The decision to deprive DG AGRI of its state aid competence came without prior notice, nor did the Commission present any formal explanations after the announcement.

Asked by EURACTIV about the reasons, a Commission spokesperson said structural changes for DG Competition follow the good rule of thumb to prohibit state aid unless it is justified by reasons of general economic development.

The decision of transferring the state aid competences to DG COMP follows the logic laid out in the mission letter for Margrethe Vestager and her first task of strengthening competition enforcement in all sectors, the spokesperson added.

Asked if this implies that DG AGRI was lagging behind in ensuring competition rules enforcement in the farming sector, the EU spokesperson replied that it is just common practice at the start of a new mandate to make organisational adjustments to better match new priorities and mission letters.

The mission letter also said that Vestager is tasked with focusing on improving case detection, speeding up investigations and facilitating cooperation with and between national competition authorities.

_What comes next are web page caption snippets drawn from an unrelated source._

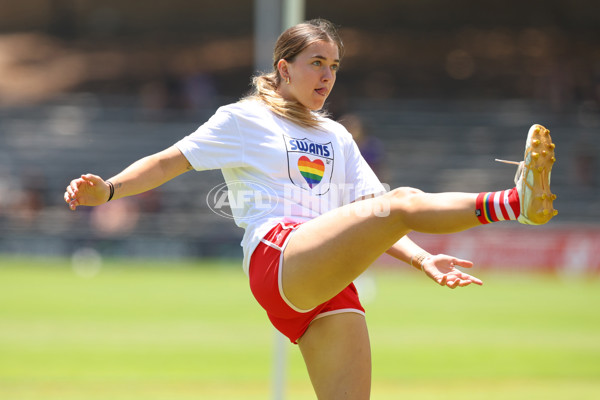 AFLW 2023 Round 10 - Fremantle v Sydney - A-45012381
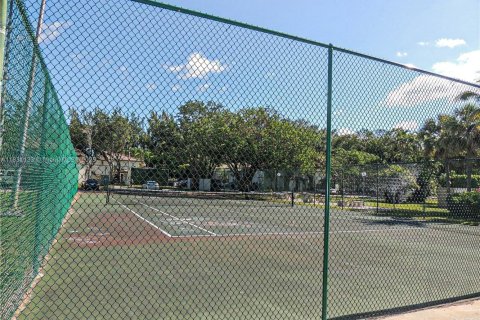 Copropriété à vendre à Sunrise, Floride: 2 chambres, 87.7 m2 № 1934217 - photo 23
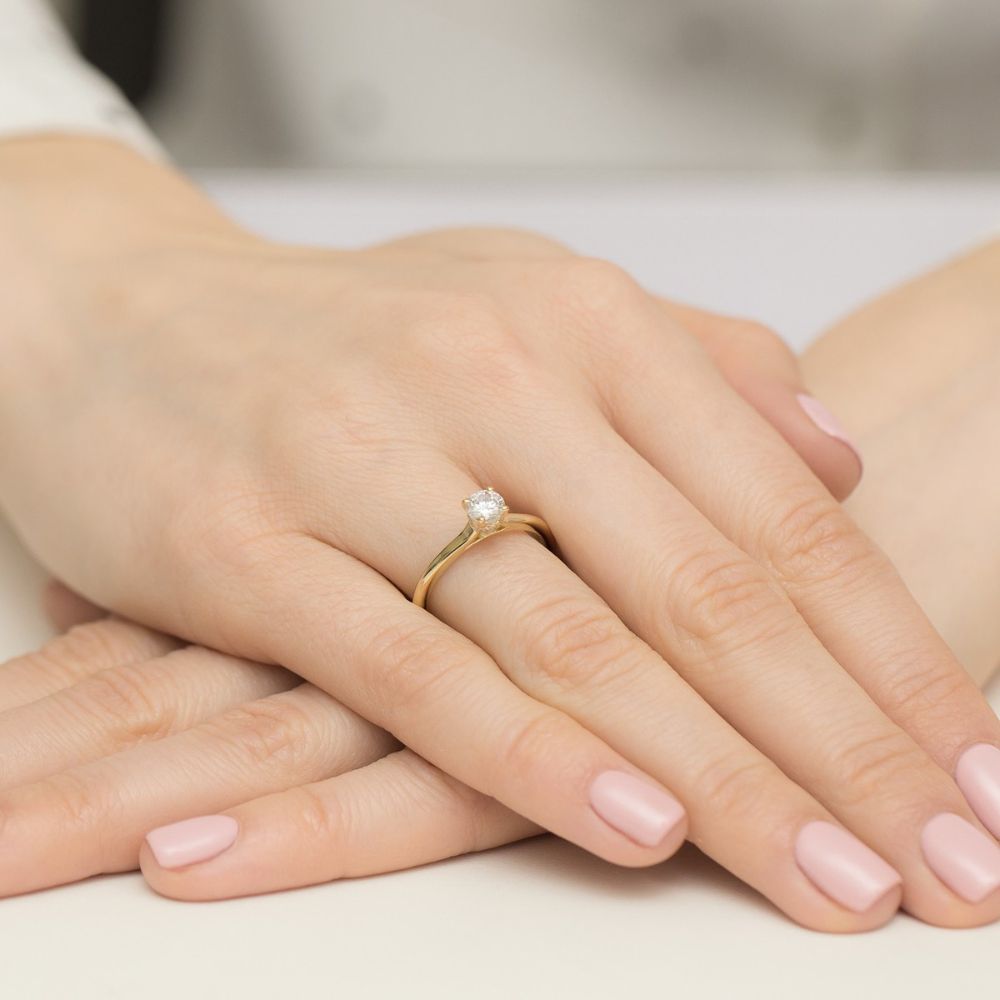 Pierścionek z diamentem laboratoryjnym 0,46 ct, żółte złoto 585, zdjęcie na dłoni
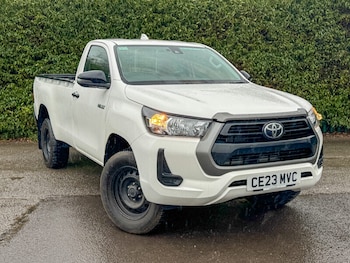 Used Toyota Hilux 2023 for sale - 77223191: Photo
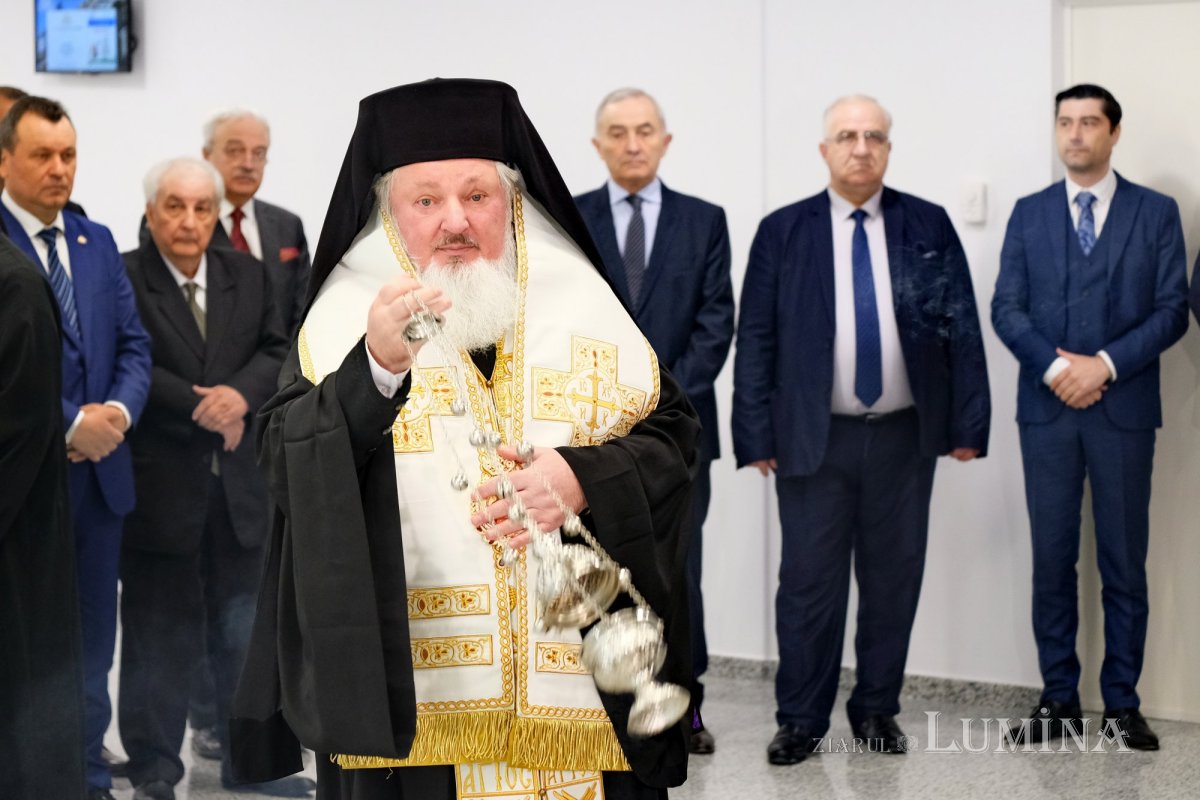 O nouă clădire redată frumuseții dintâi în Piața Romană  249144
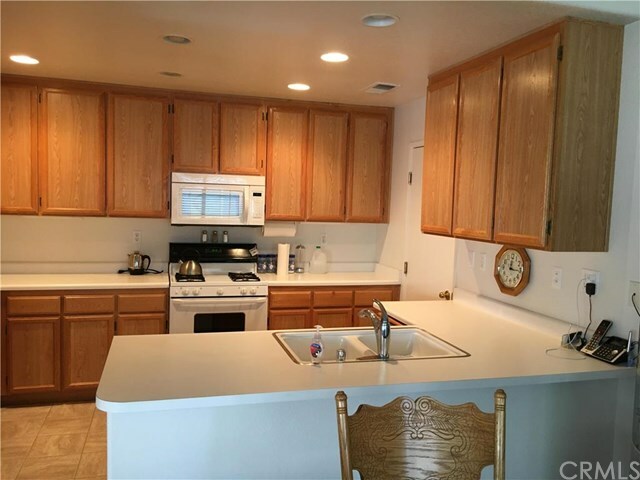 Property Photo: 40688 Corte Albara CA 92562
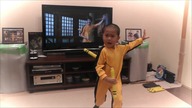 5 latek udaje Bruce Lee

The spokesperson highlighted that the European Commission is in charge of ensuring that state aid complies with EU rules in order to ensure that the general prohibition is respected and exemptions are applied equally across the European Union.

The Commission did not want to speculate on any potential decisions under the next College of Commissioners and if the moving could affect the new EU cap for state aid approved in February.

Farmers reaction

Contacted by EURACTIV, farmers organisation COPA-COGECA complained that it had not been able to talk to the relevant people about the transfer of competences and that they would have liked at least some internal justification from the Commission services.

“We need to see the detailed plan and how this moving will be done,” said Pekka Pesonen,  COPA-COGECA’s secretary-general, “but we see it as an option if the agricultural expertise is maintained.”

“Of course, we regret the possible agriculture specific expertise that may be lost in this transfer,” Pesonen added. But the farmers’ organisation also understood that the derogations to state aid general rules for agriculture are not to be touched upon, or at least were not in the pipeline.